- [PROMPT]:
An exact transcription is needed, beginning at the line with "Issey Miyake L'" and ending at the last line of the listing, with pictures left out and nothing else added.

- [MATERIAL SHOWN]:

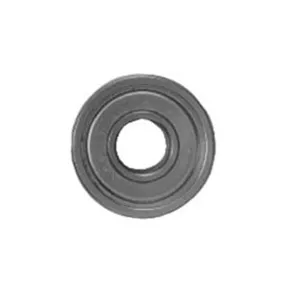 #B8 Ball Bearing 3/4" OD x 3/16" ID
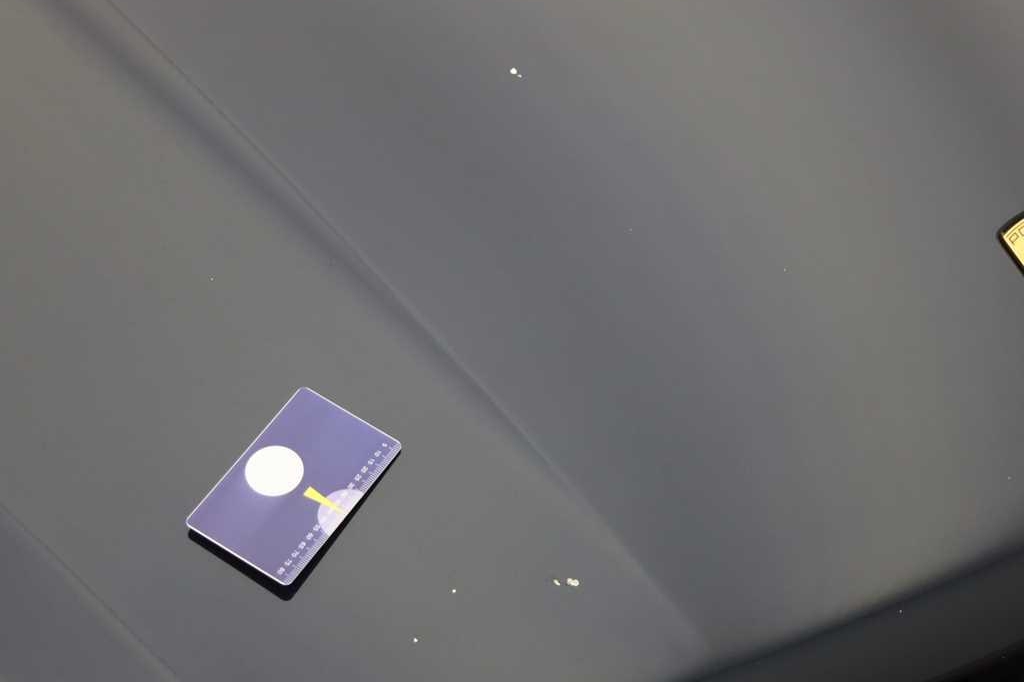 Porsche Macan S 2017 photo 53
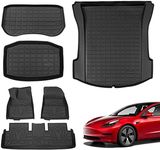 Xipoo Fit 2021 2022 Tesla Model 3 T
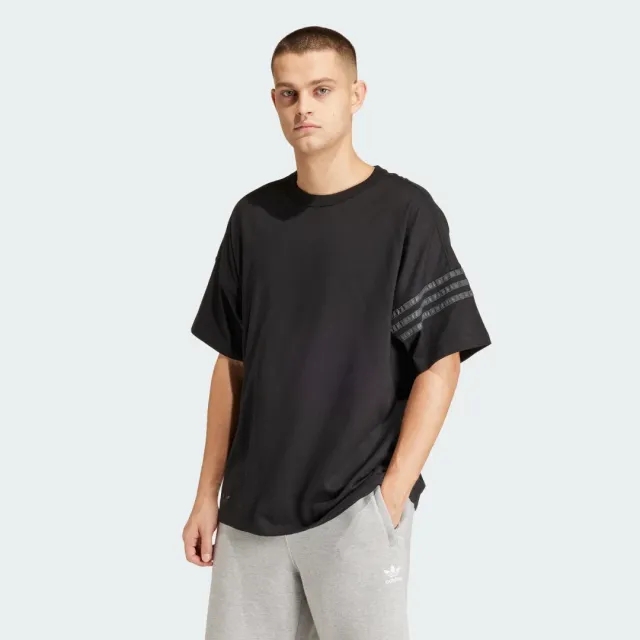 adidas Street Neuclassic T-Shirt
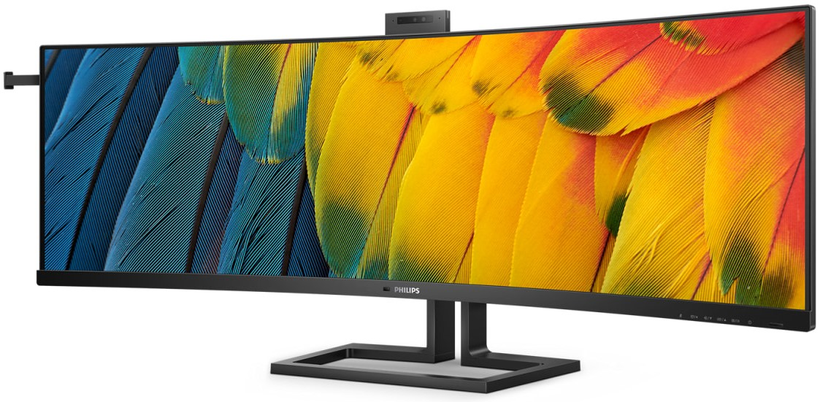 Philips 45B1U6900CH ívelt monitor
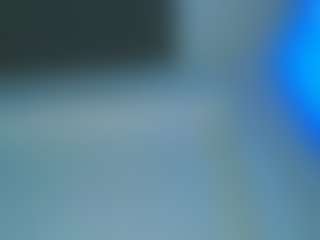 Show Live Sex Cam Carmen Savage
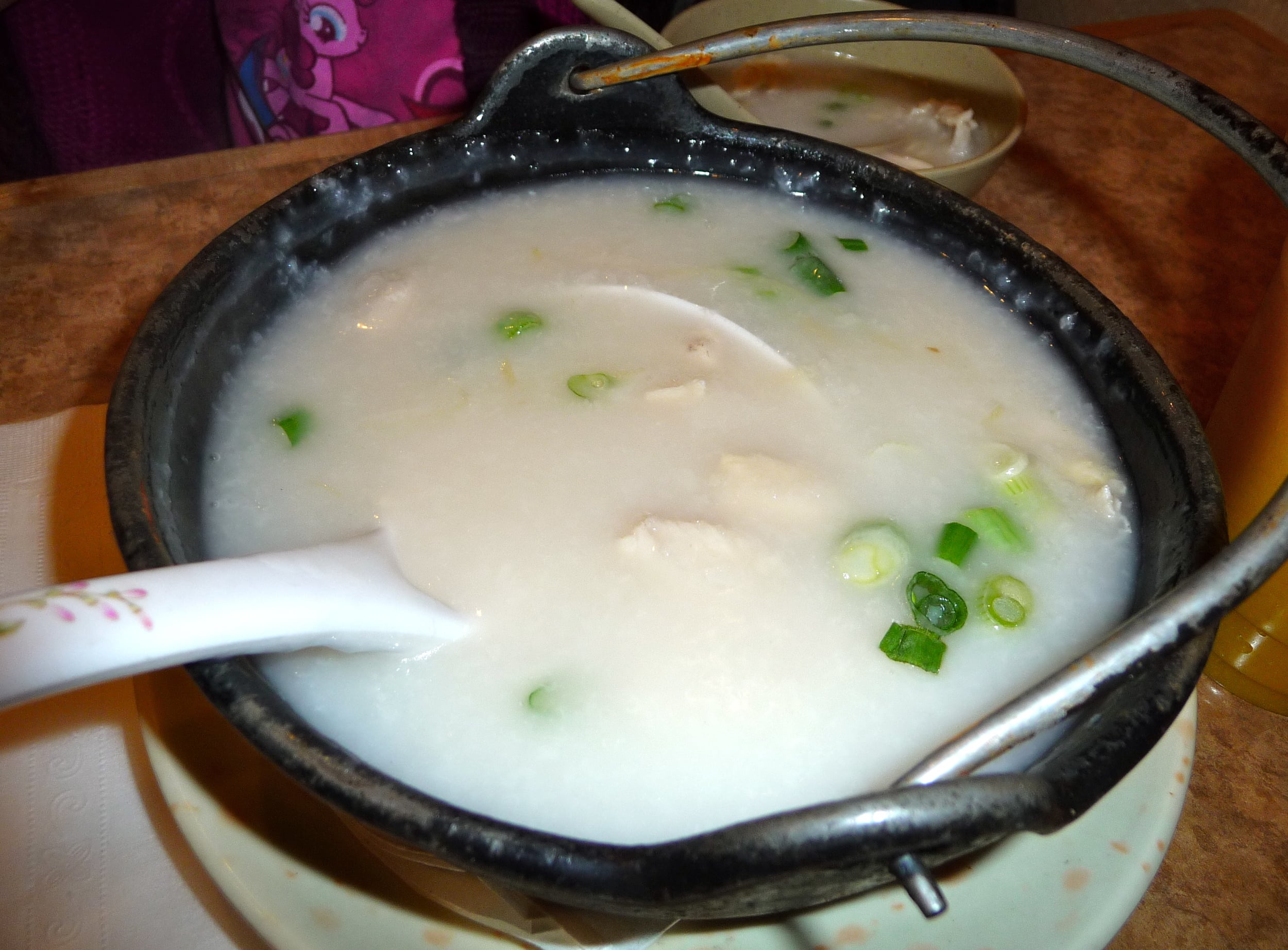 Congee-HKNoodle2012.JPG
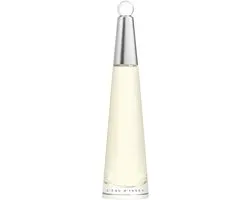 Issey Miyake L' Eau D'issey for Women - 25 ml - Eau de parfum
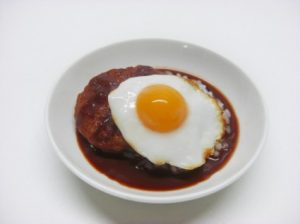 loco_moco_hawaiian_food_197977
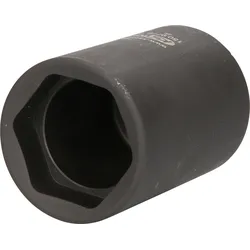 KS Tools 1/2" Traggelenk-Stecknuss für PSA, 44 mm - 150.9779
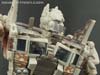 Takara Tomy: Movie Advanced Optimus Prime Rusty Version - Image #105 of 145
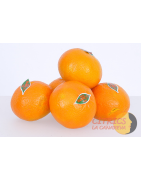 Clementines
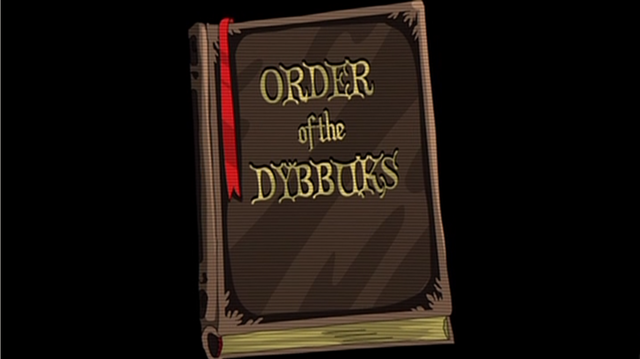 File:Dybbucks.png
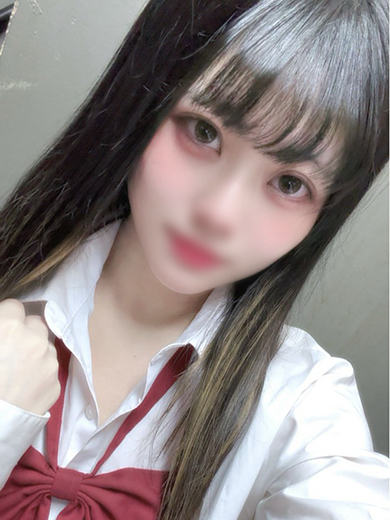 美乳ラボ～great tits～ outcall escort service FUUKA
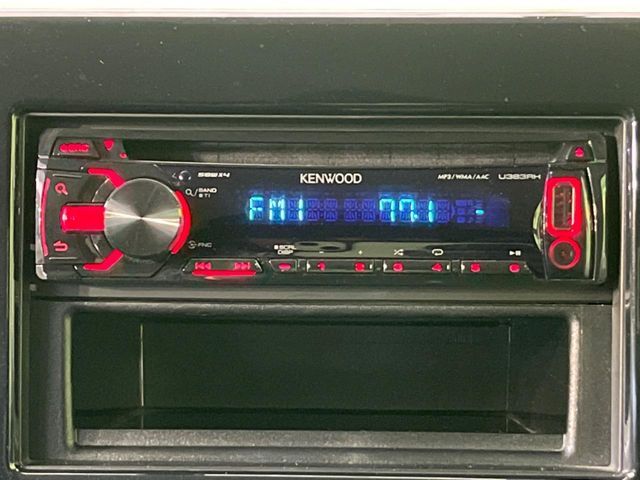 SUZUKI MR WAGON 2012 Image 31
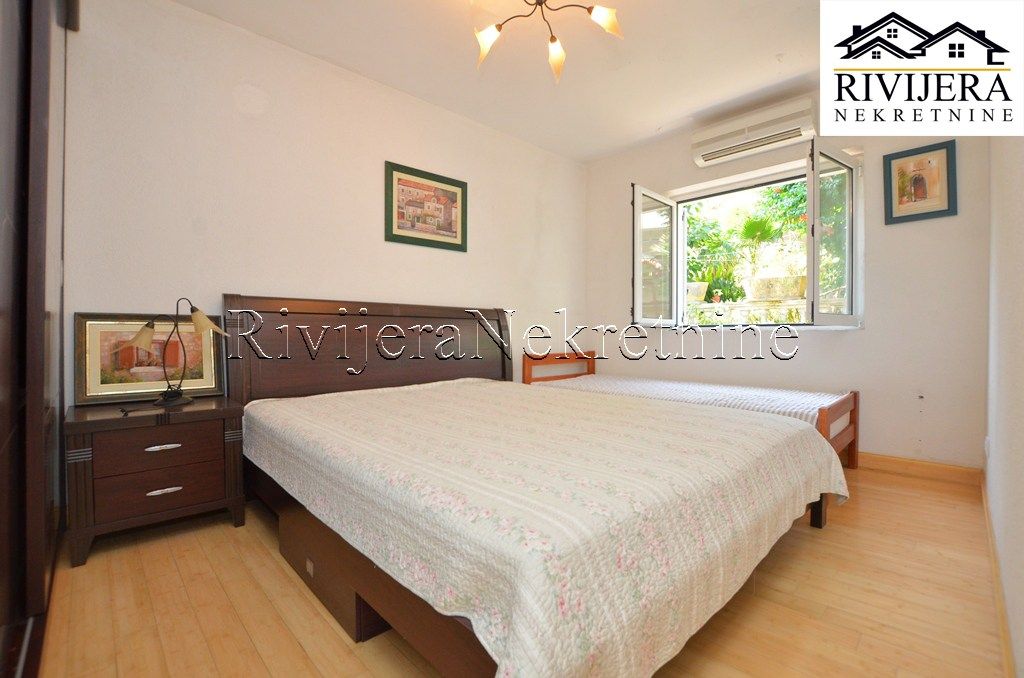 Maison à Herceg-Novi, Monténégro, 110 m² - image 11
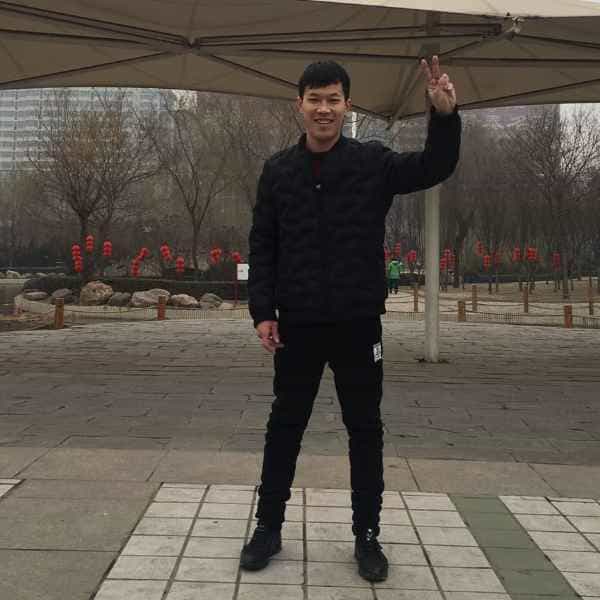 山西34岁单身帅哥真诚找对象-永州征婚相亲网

- [TASK SOLUTION]:
 Issey Miyake L' Eau D'issey for Women - 25 ml - Eau de parfum
 loco_moco_hawaiian_food_197977
 KS Tools 1/2" Traggelenk-Stecknuss für PSA, 44 mm - 150.9779
 Takara Tomy: Movie Advanced Optimus Prime Rusty Version - Image #105 of 145
 Clementines
 File:Dybbucks.png
 美乳ラボ～great tits～ outcall escort service FUUKA
 SUZUKI MR WAGON 2012 Image 31
 Maison à Herceg-Novi, Monténégro, 110 m² - image 11
 山西34岁单身帅哥真诚找对象-永州征婚相亲网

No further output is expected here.